Most of us never think about where our energy comes from. We turn on the light, or flip on the stove, and we expect power and gas to rise to our beck and call. Because we trust our energy providers to get the job done, and to make sure we are adequately provided with power. Additionally, for most of recent history, our energy providers were tightly regulated by the government. Because electricity and natural gas are seen as requirements for living, just like water, they were seen as too important to leave up to the changes of the free market.
However, thanks to changes in the laws, there are several places throughout the United States where states have begun to deregulate energy monopolies. In fact, DeregulatedEnergy.com has a full list of which utilities have been deregulated in which states.
What is Deregulated Energy?
The name is fairly self-explanatory; deregulated energy is when a monopoly (typically held by the government) is loosened to encourage more competition between energy providers. If, for example, a region’s energy is provided entirely by a single provider that has government sanction, then deregulation would allow other energy companies to offer their own services as competition.

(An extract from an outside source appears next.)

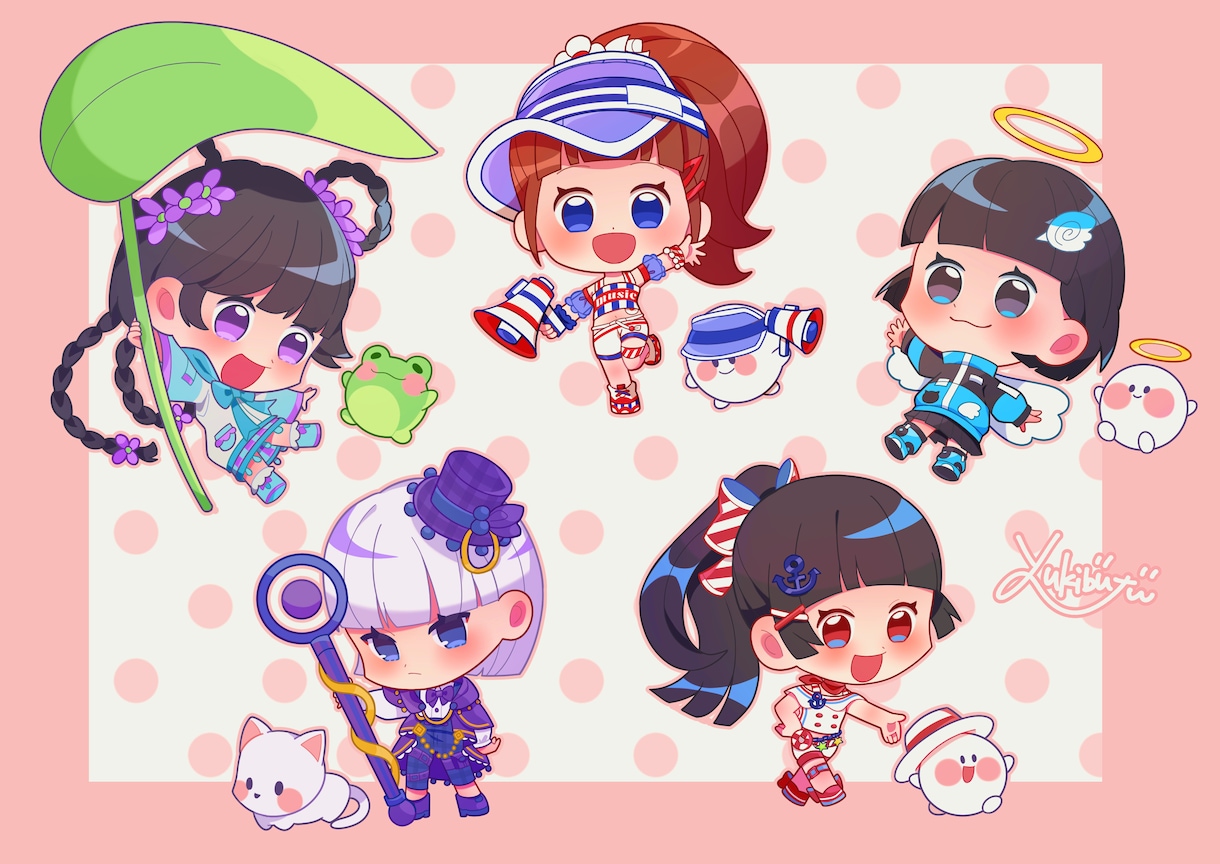 かわいらしいデフォルメイラストを作成します 「かわいい」をぎゅっと詰め込んだ、ミニキャラを描きます イメージ1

In theory, this deregulation serves the customers. Because while a monopolized energy supplier is reliable and traditional, introducing competition into the market gives customers more options to choose from. This makes it possible for people to choose the least expensive provider from a choice of several, or to pick an energy provider whose policies and sources they approve of (if, for instance, someone wants to buy their energy from a solar power provider, instead of one who may offer lower rates, but uses coal-fired power plants).
While the theory of competition is good, there are still locations in the U.S. who have held off deregulating their energy. Because, as has been shown in the past, what works in theory and what works in practice may be two different things.
Will We See More Deregulation In The Future?
The question of whether or not to deregulate energy is a constant tug of war. Businesses obviously want the chance to step into a lucrative market, and consumers want the ability to choose between multiple providers in order to find the best possible deal. This is particularly true when it comes to new sources of energy, like wind and solar farms which can offer clean energy at competitive rates to both business and homeowners thanks to recent leaps in technology. On the other hand, though, energy is not like choosing who makes your sneakers, or where you buy your car from. Electricity, and natural gas, are necessities of life in today’s day and age.
This is why some states, willing to take the risk for the potential reward of a deregulated market, have allowed pilot programs in the electricity and natural gas markets. No one seriously believes that it’s safe to simply do away with any and all regulation overnight, especially since the system has relied on those regulations for decades. Instead, these pilot programs reduce the regulations as a kind of trial period, seeing what happens when other companies are allowed to play in the pool that was, until recently, a monopoly.
Now, not every state is eager to jump into this experiment. With that said, even the states that don’t have pilot programs of their own are watching the results carefully. Because if there are lessons to be learned from asking the question, “What is deregulated energy?” then it’s a good idea to observe in order to see what works, and what doesn’t, before trying it yourself.